Uncool at any speed

Nuisance riders to be banned from RT, maybe.

Nuisance riders to be banned from RT, maybe.

Some cities are trying to ban them. The Sacramento City Council can’t get enough of them.

City rules prohibit the construction of new digital billboards anywhere in town. This is too bad for companies like Clear Channel Outdoor, which have been scoping out a few city-owned parcels for its potential to display the monolithic slabs of ads.

“The city’s sign code limits our ability to tap this potential,” said Tom Zeidner, senior project manager with the city’s Economic Development Department.

Sure, driving by the digital billboard at Cal Expo at night feels like trying to outrun the mothership. A newer sign near Sacramento State is easier on the eyes—but Bites wouldn’t call it an improvement to the view. (Each of these are on state property, not subject to city rules.)

Nonetheless, the Sacramento City Council decided last week to enter into exclusive negotiations with Clear Channel, to hammer out a lease deal allowing three new digital billboards onto city property. The staff will come back with a specific proposal within four months.

One site would be at the Mel Rapton Honda dealership next to the Haggin Oaks golf course, near Interstate 80 and Fulton Avenue, another at I-80 and Northgate Boulevard in North Natomas, and a third at I-5 near Richards Boulevard.

Clear Channel will be required to take down a yet-to-be-determined number of its regular billboards, in order to reduce commercial clutter.

And Zeidner said the company will use state-of-the-art LED technology, so the signs won’t be as ugly as the one at Cal Expo. Instead, they’ll be state-of-the-art ugly.

So what will the city get for selling off its airspace? Who knows? Zeidner wouldn’t reveal what the city is asking. The three static billboards owned by CBS Outdoor at Sutter’s Landing (I-80 at the old city landfill), are earning the city of Sacramento $1.25 million every three years.

But some cities have been less welcoming to the garish giants. Just last week, the city council in El Paso, Texas, voted to place a moratorium on the signs, pending a federal study on the safety risks they pose to easily distracted drivers. And at the beginning of August, the Los Angeles City Council approved an outright ban on new digital billboard erections.

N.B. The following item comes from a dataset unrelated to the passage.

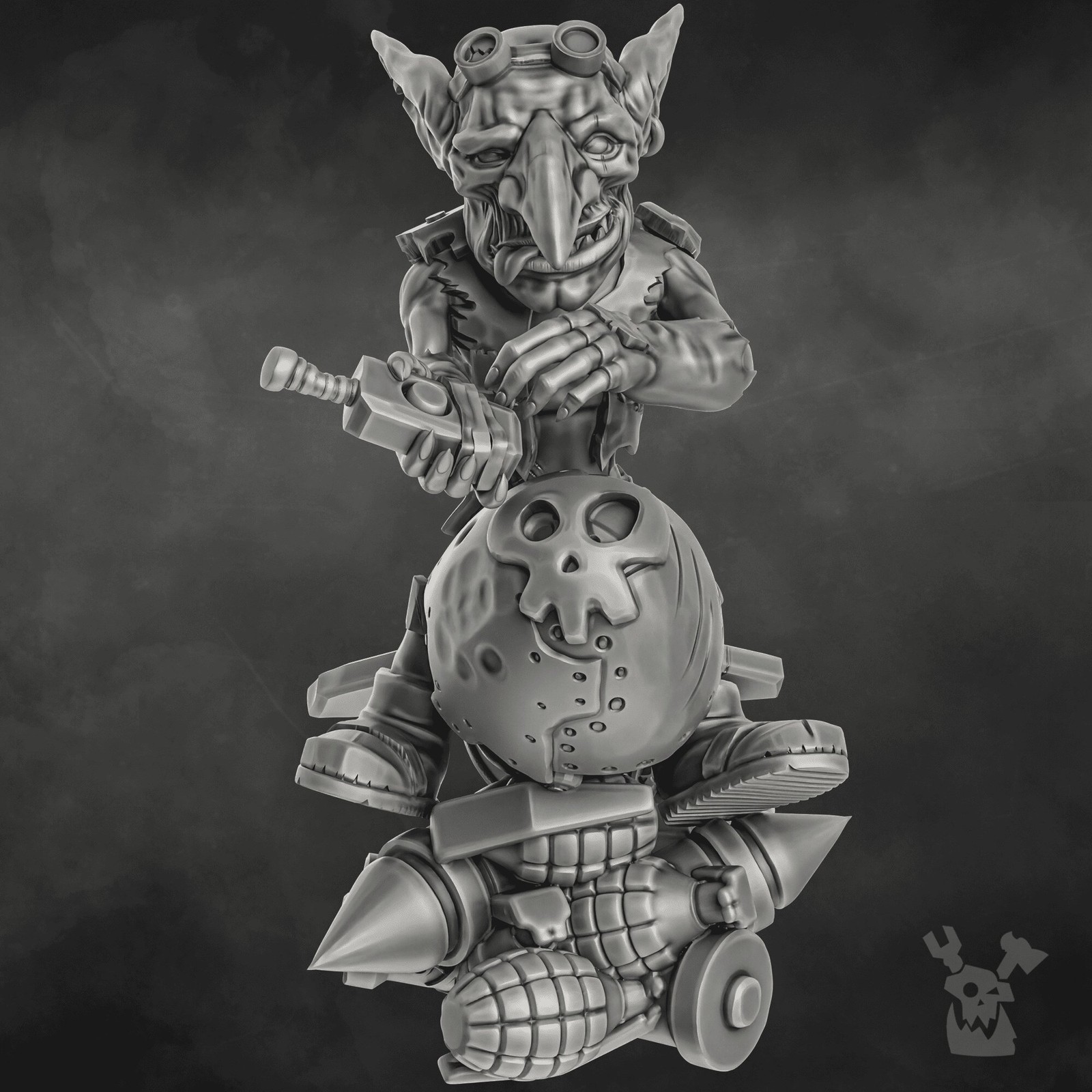 ORCS BOMB GOBLIN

These billboards will be part of our skyline for at least 25 years, but not one city council member expressed any real reservations about letting Clear Channel go at it. So, enjoy.

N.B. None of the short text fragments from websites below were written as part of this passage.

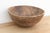 African Charred Finish Antique African Bowl For Sale - Image 3 of 8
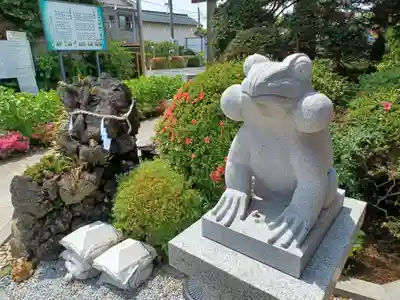 水宮神社(埼玉県)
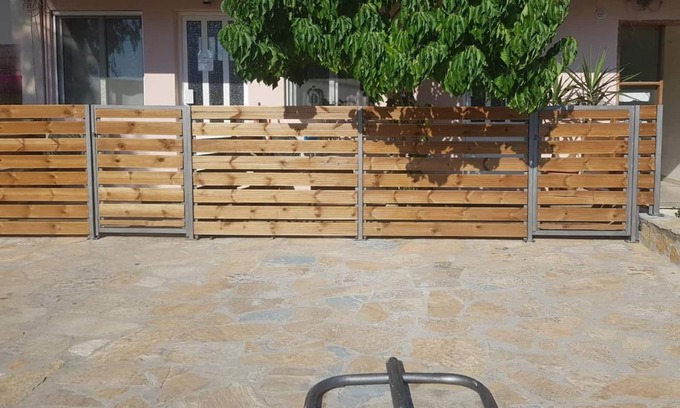 Lefkada Town Apartment | Limonero New City Apartment 2 With Private Parking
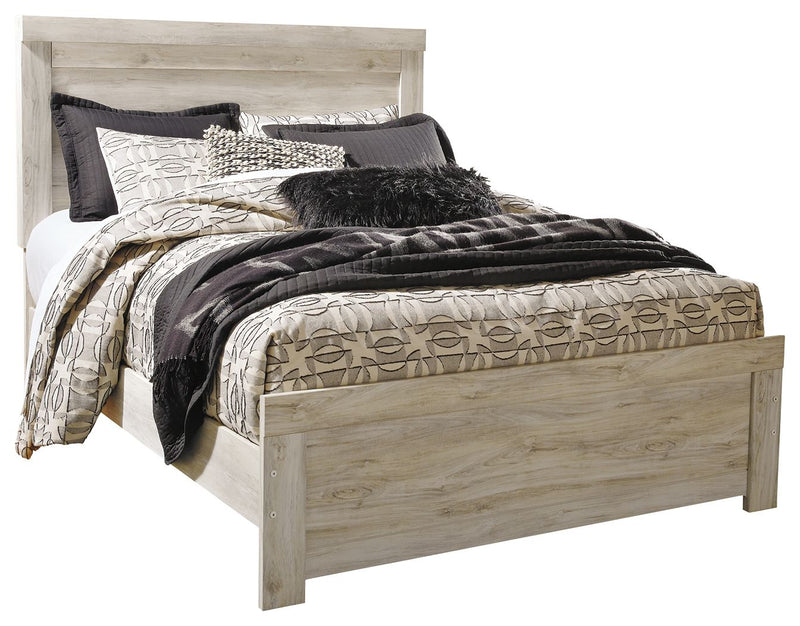 Bellaby - Panel Bed - JaxCo Furniture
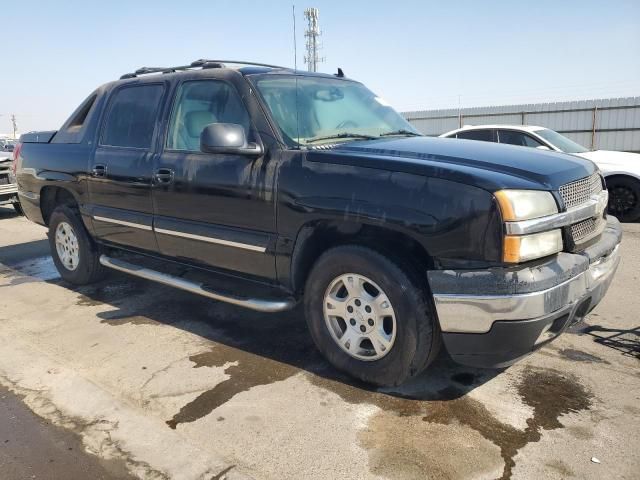 2006 Chevrolet Avalanche C1500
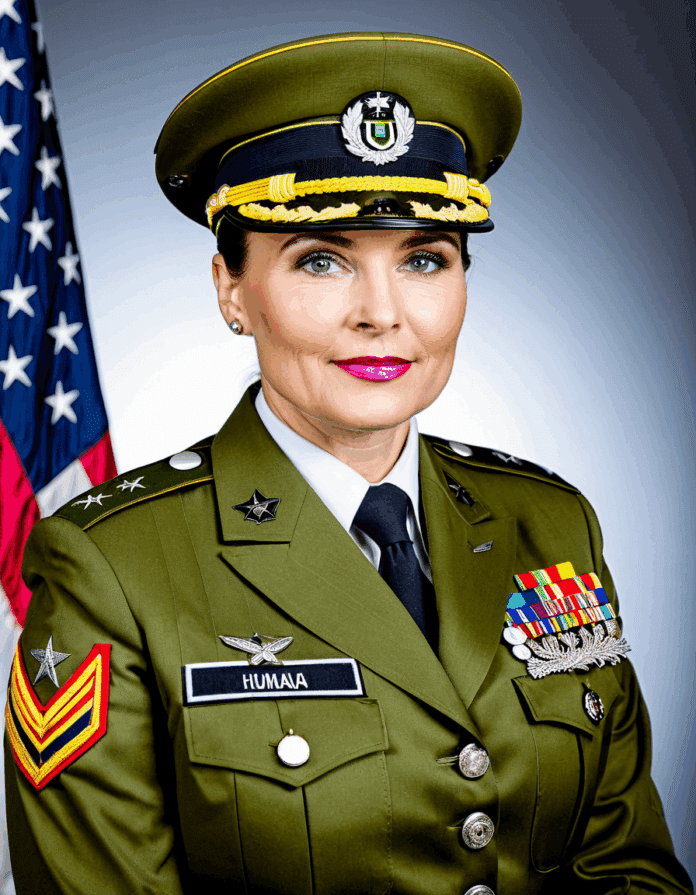 humana military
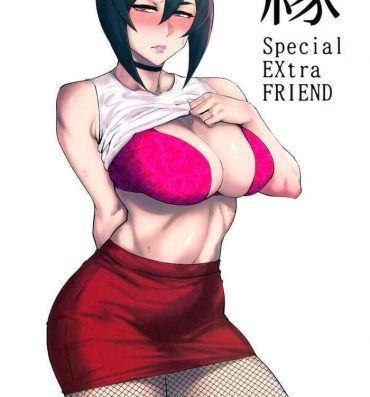 Thai Yukari Special EXtra FRIEND + Omake Paper- Original hentai Mas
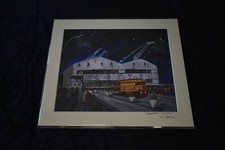 Greenock Scotts Sheds    Print Medium Large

Anybody who rides Regional Transit knows that the biggest problem with riding the bus (aside from soaring fares and deep cuts to service) is the sometimes wacky, rude, scary and disgusting behavior of your fellow passengers.

Now that kind of nuisance behavior can get you banned from riding RT, under the agency’s new transit exclusion policy, nicknamed “You must abide to ride.”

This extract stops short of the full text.